American Psycho is a pretty wild movie. On the one hand, it’s a comedy about a guy who is absolutely obsessive about every detail of every material object he comes across. whether it’s the color of a business card or the type of lotion he uses on his face, this guy just gets so into it that it’s quite funny. and on the other hand, this same guy is a serial killer and is totally demented. it’s a very strange combination, but a genius move to make it equally disturbing and comedic.
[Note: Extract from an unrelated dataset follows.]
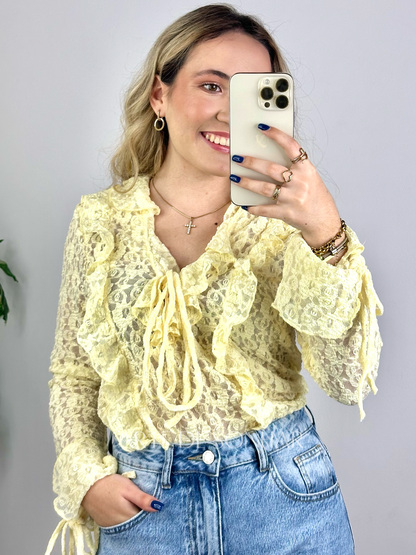 Blusa de renda com atilhos amarela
the movie opens with patrick bateman (christian bale, in the role that brought him into the spotlight), sitting around at a restaurant talking with his friends. after that, we are with him in his apartment during his usual morning routines. his voice over explains all of the different things he’s doing and using, such as an ice pack over the eyes and a cleansing facial lotion that dries up and then peals off like a mask. the voice over talks about the reasons why bateman does and also does not use certain lotions, and it’s all so overly detailed, that it’s unusually funny. we never see stuff like this. i know it’s based on a brett easton ellis book and i know that all of this stuff has got to be in the book (i read his novel, the rules of attraction, and it was written with the same detailed voice), but this movie knows exactly how to handle it.
bale goes to work, where he and his friends sit around at a table discussing their business cards. it’s another very funny, material scene, where the guys just sit around caring about the most insignificant little details. one thing funny about the scene is that all of their business cards look pretty much the same. but the words they use to describe each one, as well as the way every time a new card is taken out, it is shown is slow motion, all works very well. the idea is that this stuff means a lot to bateman. so when he sees a new card being taken out, his heart almost skips a beat in anticipation. when one person’s card has a water mark on it, you can practically see bateman salivating while looking at it.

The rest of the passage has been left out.